Thursday, June 24: Anil Kumble carves himself yet another slice of history, this time becoming the first captain in Test cricket to ask for the referral of a decision. The great man has made more judicious calls in a glittering career, and Mr. Koertzen and Mr. Benson return a not out verdict to Harbhajan Singh’s appeal for leg-before.

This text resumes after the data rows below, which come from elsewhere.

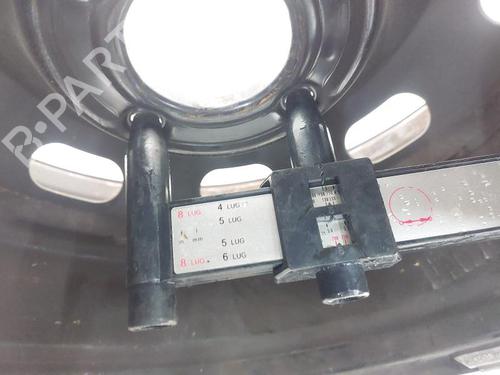 Fælk CITROËN C3 III (SX) 1.2 PureTech 82 | BP31144423C45 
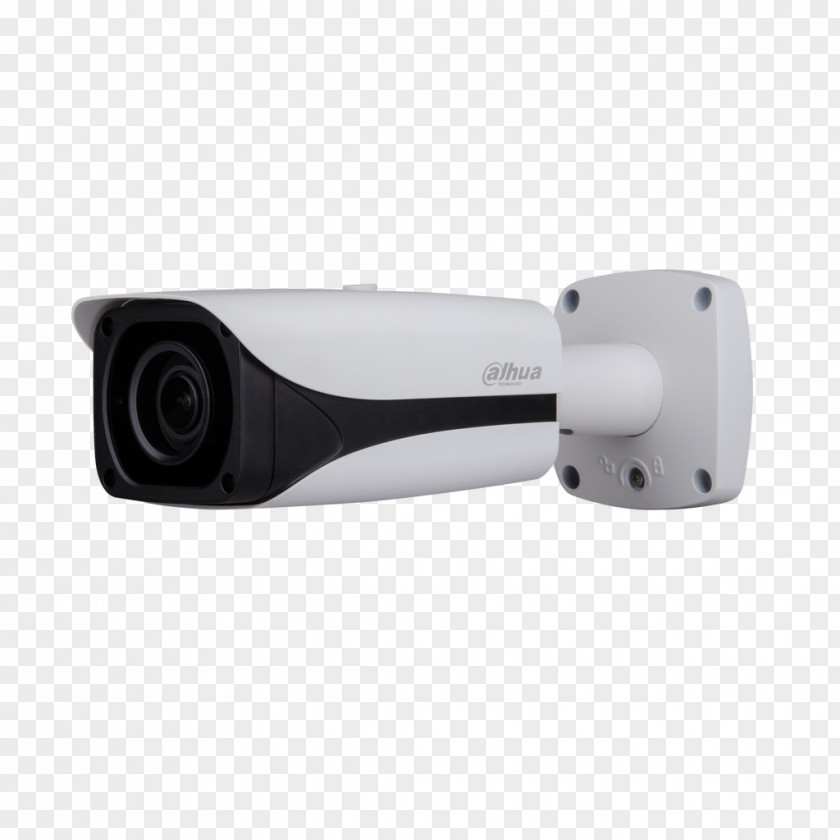 Shenzhen IP Camera High Efficiency Video Coding Dahua Technology Power Over Ethernet PNG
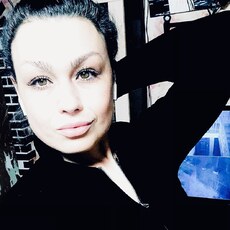 Фотография девушки Марина, 42 года из г. Владимир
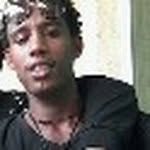 Sami Worku - @workusami - Instagram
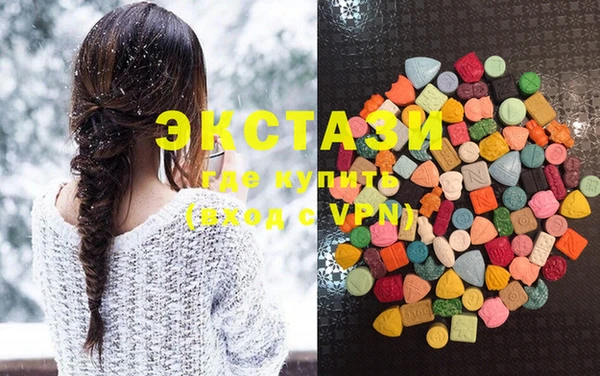 индика Абаза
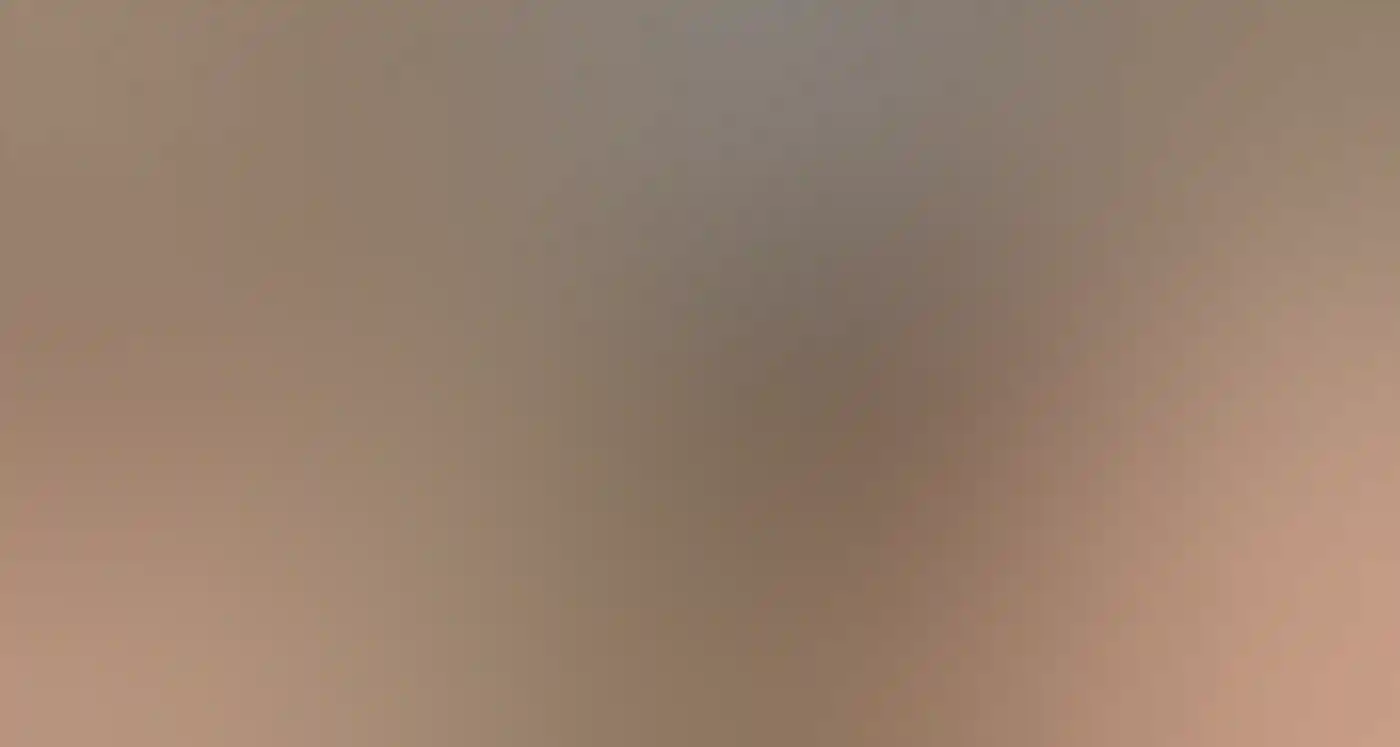 探索鬼城瓜利亚 (Gwalia)游客, 瓜利亚 (Gwalia)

Friday, June 25: A national selector is spotted in the press box, doing his best impression of a former Indian captain’s dancing skills. Now, such matters are subject to stringent defamation laws, or so the diary is informed, and it will dutifully desist from naming names. The step in question is the sort favoured by celluloid heroes of yesteryear, and if the captain cut as fine a figure as the selector mimicking him, he will have had no trouble earning his mates’ respect. There’s something about a grown man with his hands behind his ears, pelvis thrust jauntily, that inspires loyalty. Ajantha Mendis’s carom ball is being discussed threadbare. The diary knows it rather well from tennis-ball cricket. As a wicketkeeper of disrepute, it has often been wrong-footed by this delivery, bowled by a cruel, mirthless friend, who has since become a respected doctor.

Saturday, June 26: The diary phones in today’s entry, but cavil not dear reader; brace thyself for a shocking revelation week next.